Continuous style-induced image generator

They synthesize an image with the combined style of a source and a target image controlled by a content-style trade-off parameter
$α \in [0, 1]$ through the generator
$G$ :

\begin{matrix} (2) & G (c, s, α) = g (α \hat{t} + (1 - α) t^{c}) \end{matrix}

Here,
$α = 0$ indicates content image will be reconstructed while
$α = 1$ will reconstruct with a combination of styles of content image and style image.

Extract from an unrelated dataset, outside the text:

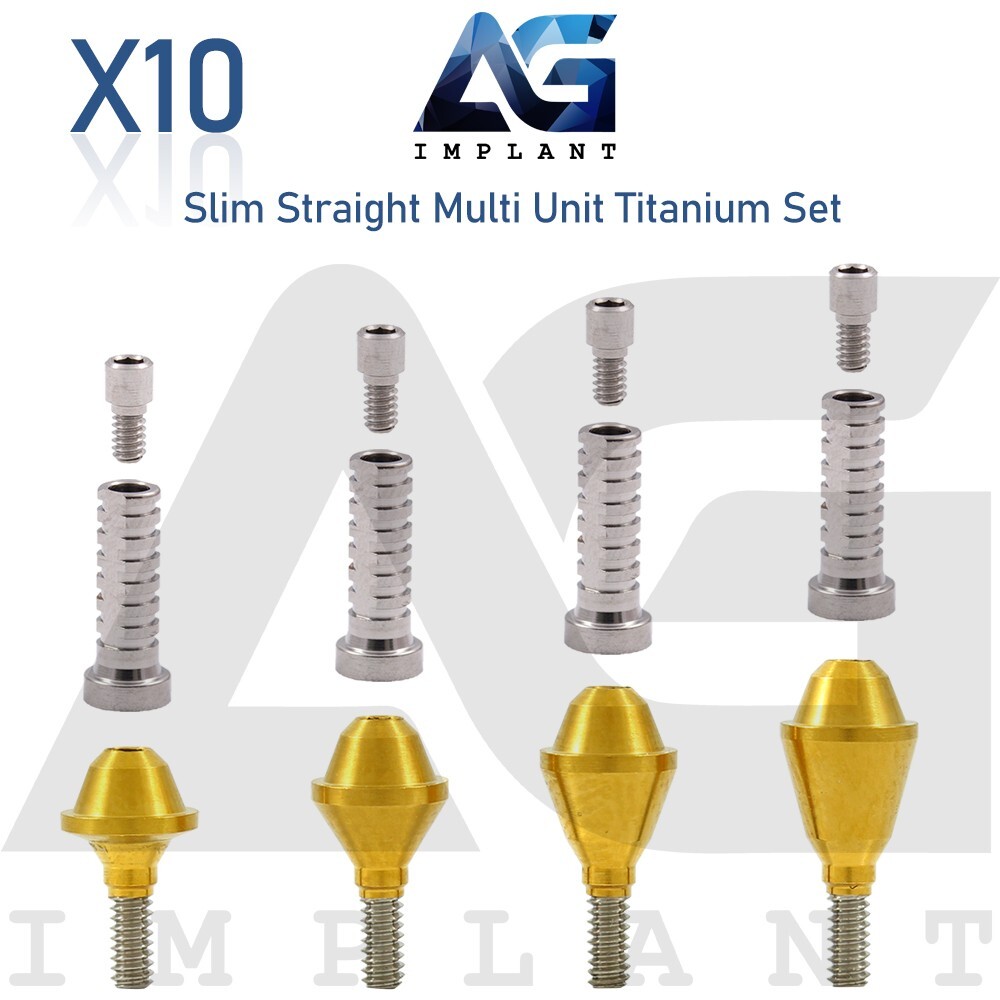 10 Slim Platform Straight Multi Unit 1.6 Prosthetic Titanium Set Internal Hex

Target-guided supervised learning

Given a source dataset
${(x_{i}^{S}, y_{i}^{S})}_{(i = 1, \dots, N^{S})}$ and a target dataset
${x_{i}^{T}}$ , they first perform a random color space perturbation
$A$ on a source image
$x_{s}$ to get
$A (x_{s})$ to enhance the randomness.
This augmented image is passed through the style-induced generator
$G$ to perform style transfer as a stronger augmentation using a target image
$x_{t}$ with the trade-off parameter
$α$ randomly sampled from a uniform distribution
$U (0, 1)$ to get
${\hat{x}}_{s} = G (A (x_{s}), x_{t}, α)$ .
The translation process is enabled with probability of
$p_{s \to t}$ so that model can be trained on details since a loss of resolution occurs in the translation. For the rest of the probability,
${\hat{x}}_{s} = A (x_{s})$ is used.
Finally, the supervised loss
$L_{s}$ (CE loss) between probability map
$p_{s} = F^{s} ({\hat{x}}_{s})$ and the label
$y_{s}$ is given by:

\begin{matrix} (3) & L_{s} = - \frac{1}{H W} \sum_{m = 1}^{H \times W} \sum_{c = 1}^{C} y_{s}^{m c} \log (p_{s}^{m c}) \end{matrix}

Using a strong and directed augmentation method facilitates generalization towards different styles and further enables adaptation towards the direction of target.

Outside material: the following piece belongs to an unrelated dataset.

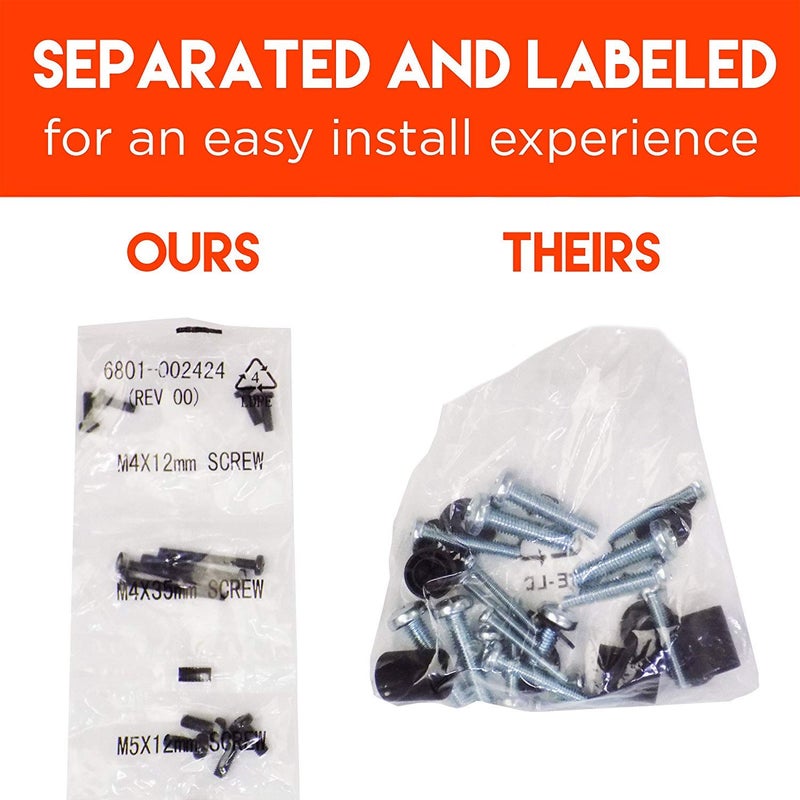 ECHOGEAR Universal TV Mount Hardware Pack - Replacement Hardware Mounting Kit for TVs up to 80" - Includes M4, M5, M6 & M8 Screws - Image 3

Source-guided unsupervised learning

Since their model is more adapted to the source domain where supervised learning is performed, the quality of produced pseudo-labels is generally higher if input is closer to source domain. Consequently, pseudo-labels are computed from target images transferred to the direction of appearance of source domain.
First, they perform random color space perturbation
$A$ on target
$x_{t}$ to get
$A (x_{t})$ . Then, each
$A (x_{t})$ is further augmented using
$k$ randomly sampled source images
${x_{s}^{i}}_{i = 1}^{k}$ as style images through
$G$ with probability
$p_{t \to s}$ considering the loss of resolution.
After the augmentation process, transformed images
${{\hat{x}}_{t}^{i}}_{i = 1}^{k}$ will be passed through the teacher model
$F^{t}$ individually to acquire more stable predictions
${\hat{y}}^{i} = F^{t} ({\hat{x}}_{t}^{i})$ . These are averaged to get the probability map
$p_{l}$ for the pseudo-label
$p_{l} = \frac{1}{k} \sum_{i = 1}^{k} {\hat{y}}^{i}$ .
They sharpen (Berthelot et al. NeurIPS '19) the predictions before aggregation (make them more peaky). Finally, the pseudo-label
$q = \arg max (p_{l})$ is obtained which will be used to compute the unsupervised loss
$L_{u}$ in a supervised manner.
The class imbalance in the dataset causes model to be biased towards popular or easy classes especially when relying on semi-supervised methods like pseudo-labels. To address this, they add simple weightage to the loss based on the proportion of pixels in each class in the source data. Note: over-complicating a simple training trick by providing explicit equations!

Optimization

The final loss
$L$ , given the unsupervised loss weight
$λ_{u}$ , in a multi-task learning manner is given by

\begin{matrix} (4) & L = L_{s} + λ_{u} L_{u} \end{matrix}

During the training process, the student network
$F^{s}$ is updated toward the direction of the gradient computed via back-propagation of the loss
$L$ , while the weight of the teacher network
$F^{t}$ is updated as the exponential moving average of the student network.

Conclusion

They propose a Bidirectional Style-induced DA (BiSIDA) framework that optimizes a segmentation model via target-guided supervised learning and source-guided unsupervised learning.
Using a continuous style-induced generator, they show effectiveness of learning from unlabeled target by providing high-dimensional perturbations for consistency regularization.
They also show that alignment between source and target from both directions is achievable without adversarial training.